- Work task -
Every line in the records below between the one holding "Goldendoodle dogs for sale: charlie - Ad 2" and the one holding "Glow in the Dark Pet Light Up LED Dog Collar", inclusive, is to be set down exactly; all other lines are to be left out.

- Information supplied -
---------------
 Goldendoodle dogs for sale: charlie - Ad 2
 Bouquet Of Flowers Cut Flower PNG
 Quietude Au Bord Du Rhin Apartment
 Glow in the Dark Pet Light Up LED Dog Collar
---------------
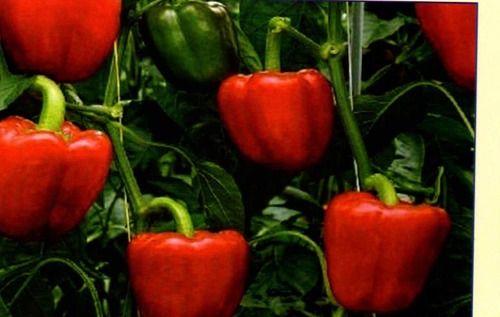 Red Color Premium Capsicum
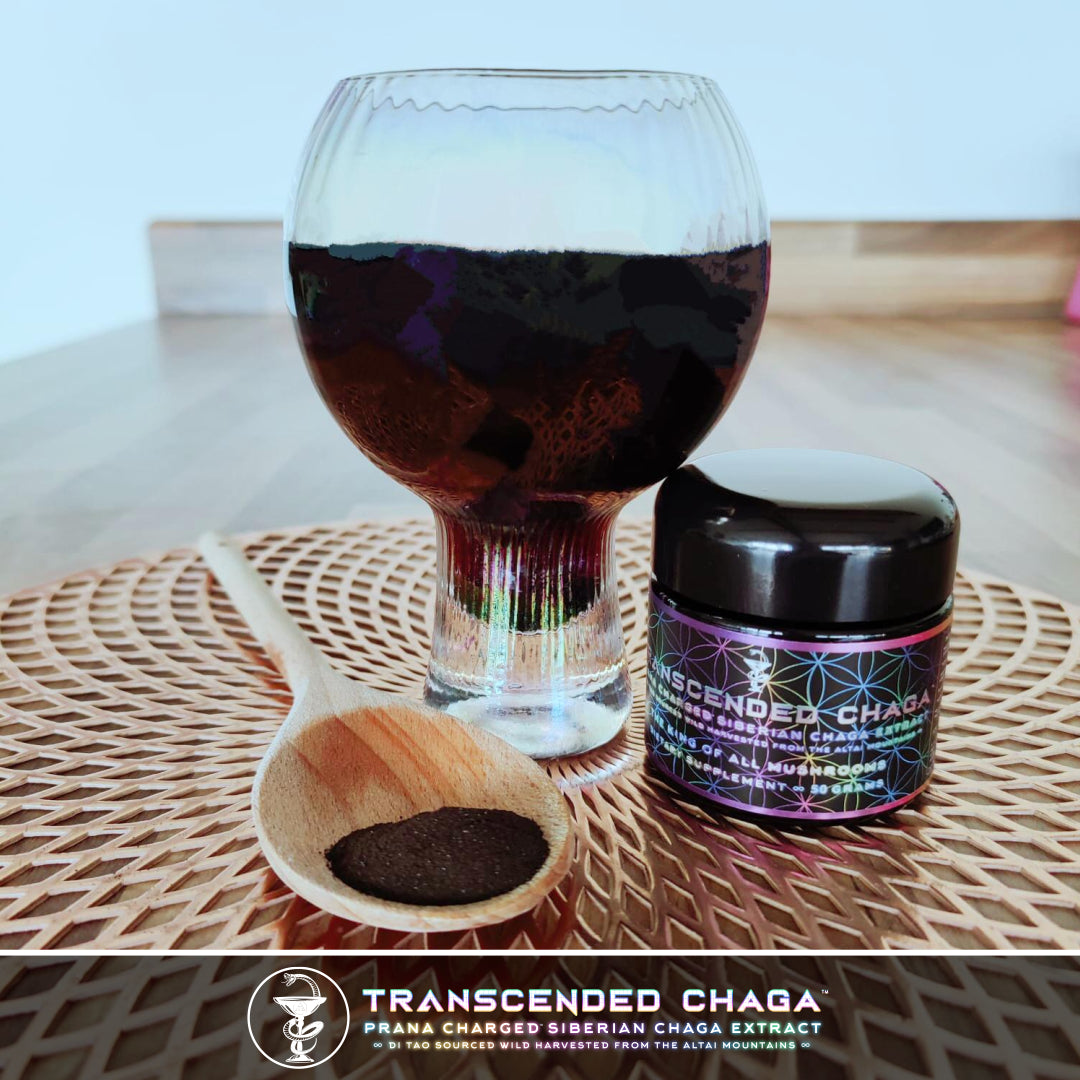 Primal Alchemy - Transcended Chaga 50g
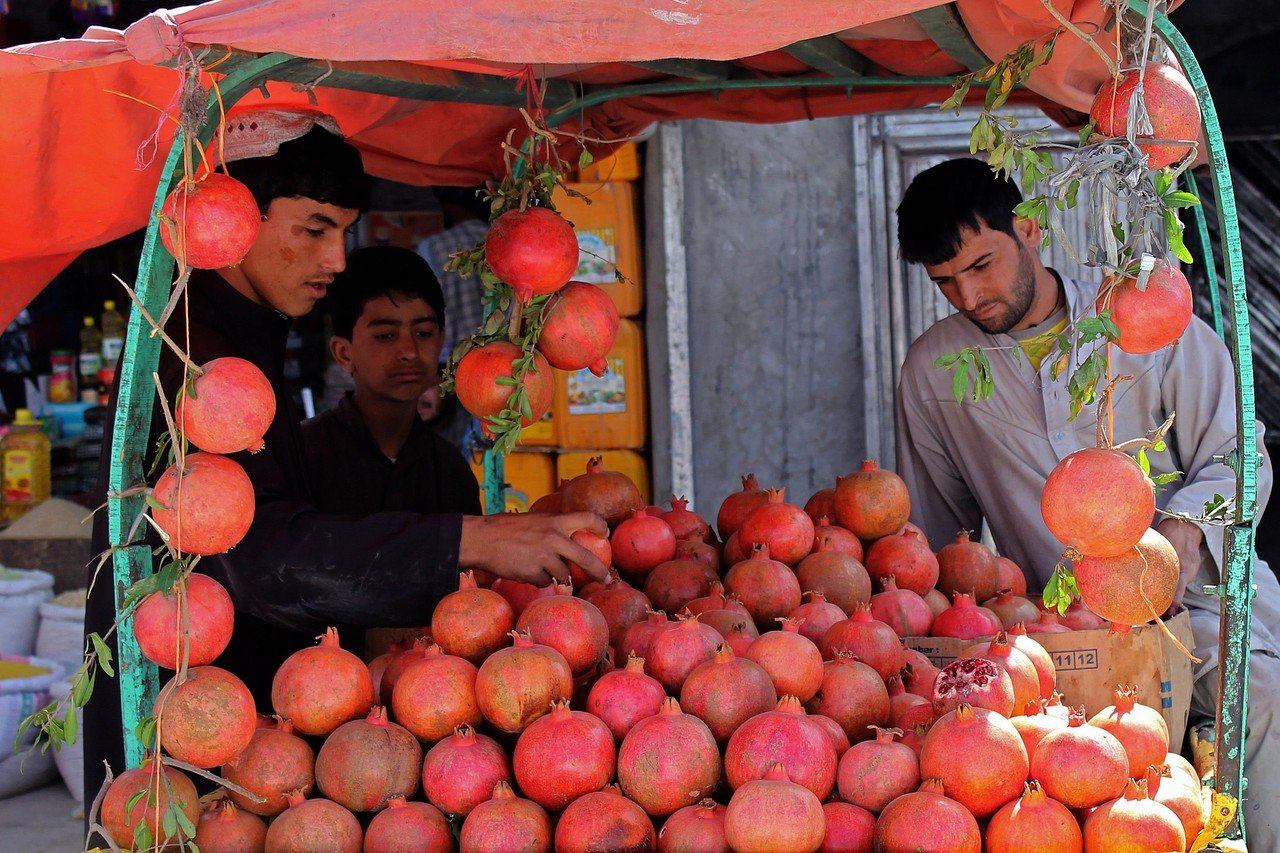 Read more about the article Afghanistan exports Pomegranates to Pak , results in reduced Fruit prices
---------------
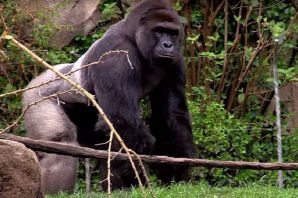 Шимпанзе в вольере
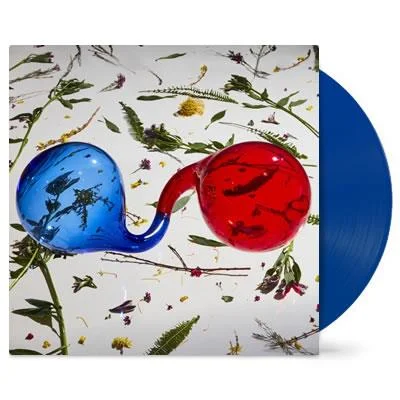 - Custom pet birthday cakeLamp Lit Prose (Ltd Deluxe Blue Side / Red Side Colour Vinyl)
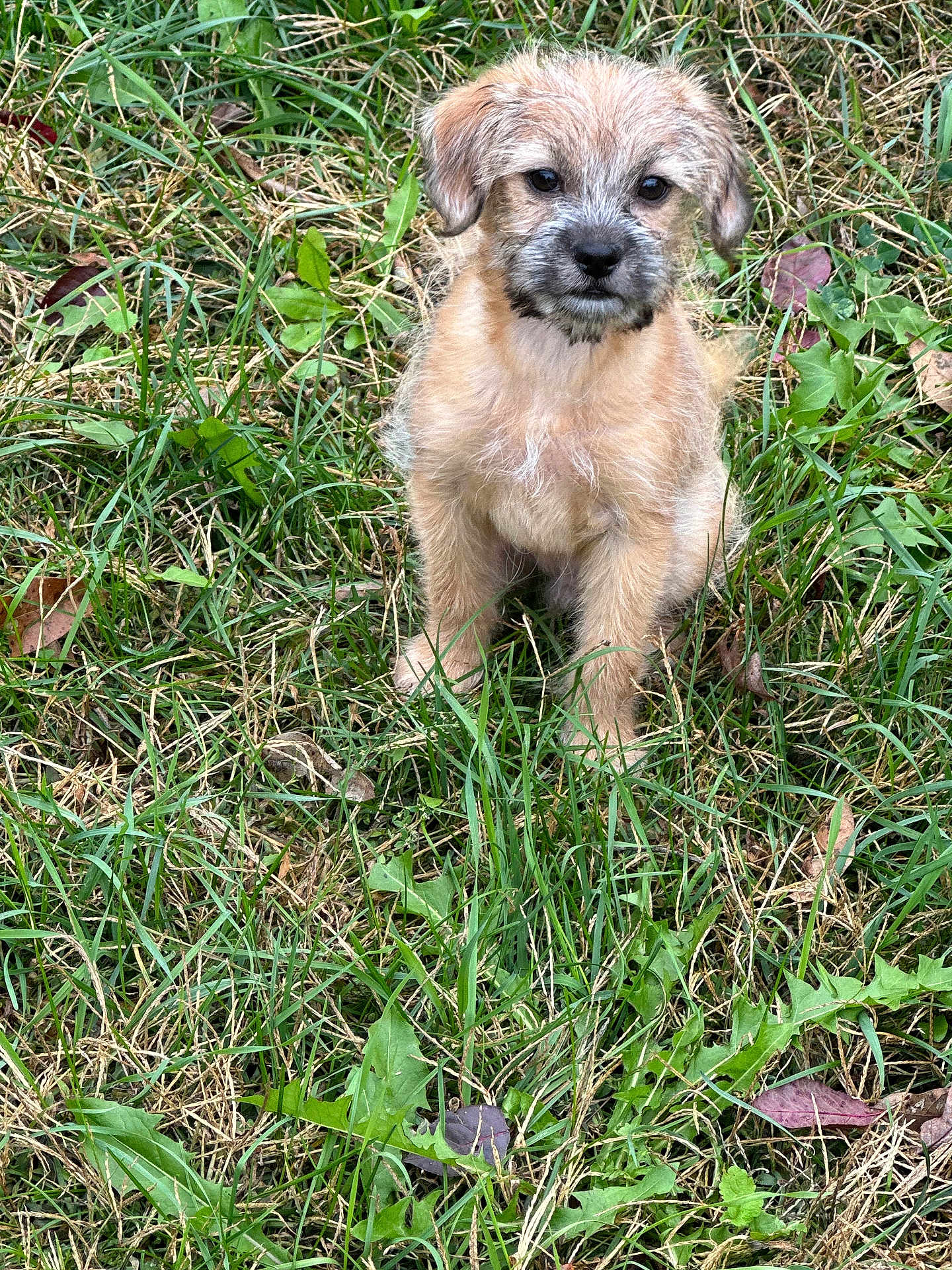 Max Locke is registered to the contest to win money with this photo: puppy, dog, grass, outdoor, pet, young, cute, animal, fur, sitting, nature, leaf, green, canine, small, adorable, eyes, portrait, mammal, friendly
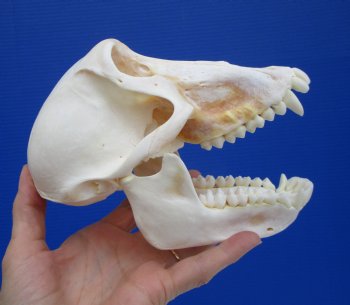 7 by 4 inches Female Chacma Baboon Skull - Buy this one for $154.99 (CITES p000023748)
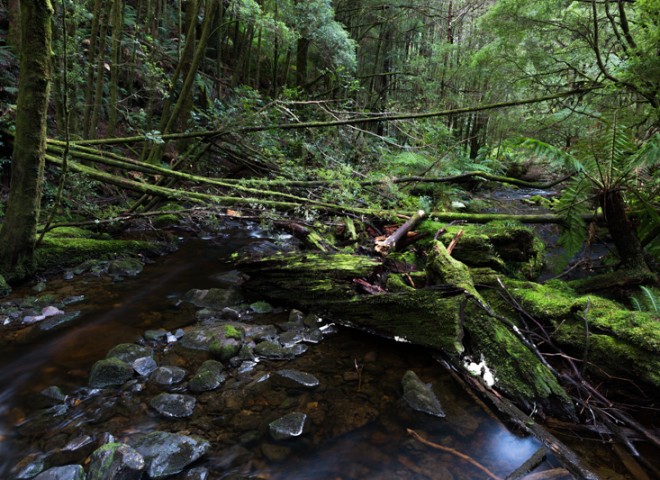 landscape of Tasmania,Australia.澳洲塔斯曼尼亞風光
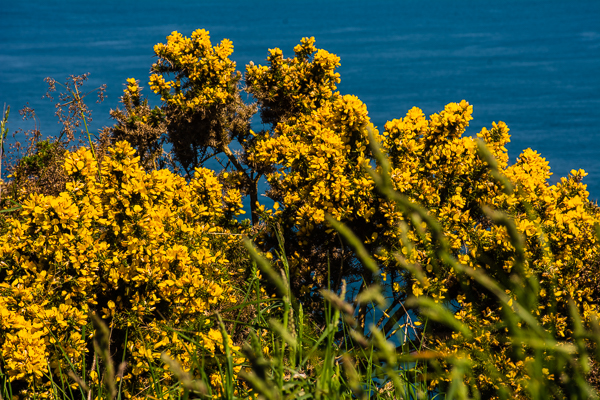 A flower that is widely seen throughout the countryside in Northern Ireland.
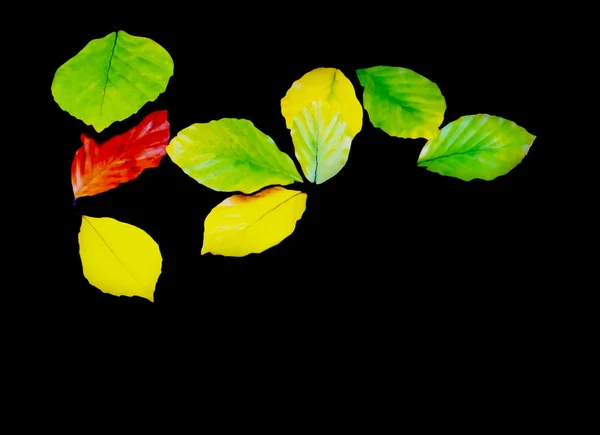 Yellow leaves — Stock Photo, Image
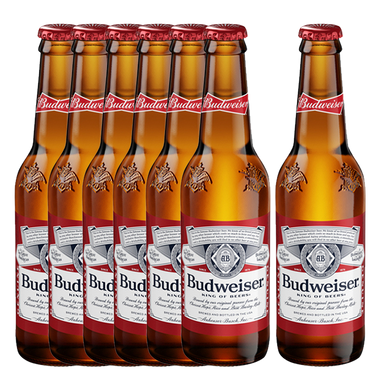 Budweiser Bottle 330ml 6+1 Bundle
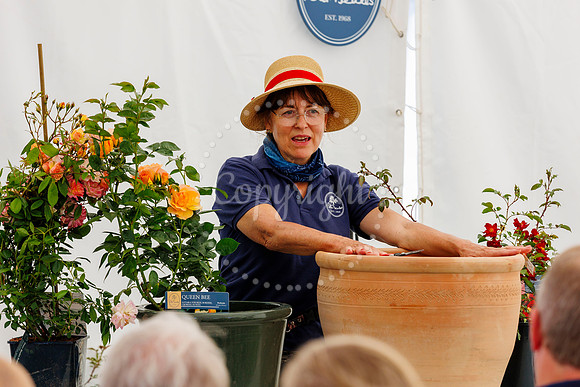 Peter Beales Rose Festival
---------------
- Answer -
 Goldendoodle dogs for sale: charlie - Ad 2
 Bouquet Of Flowers Cut Flower PNG
 Quietude Au Bord Du Rhin Apartment
 Glow in the Dark Pet Light Up LED Dog Collar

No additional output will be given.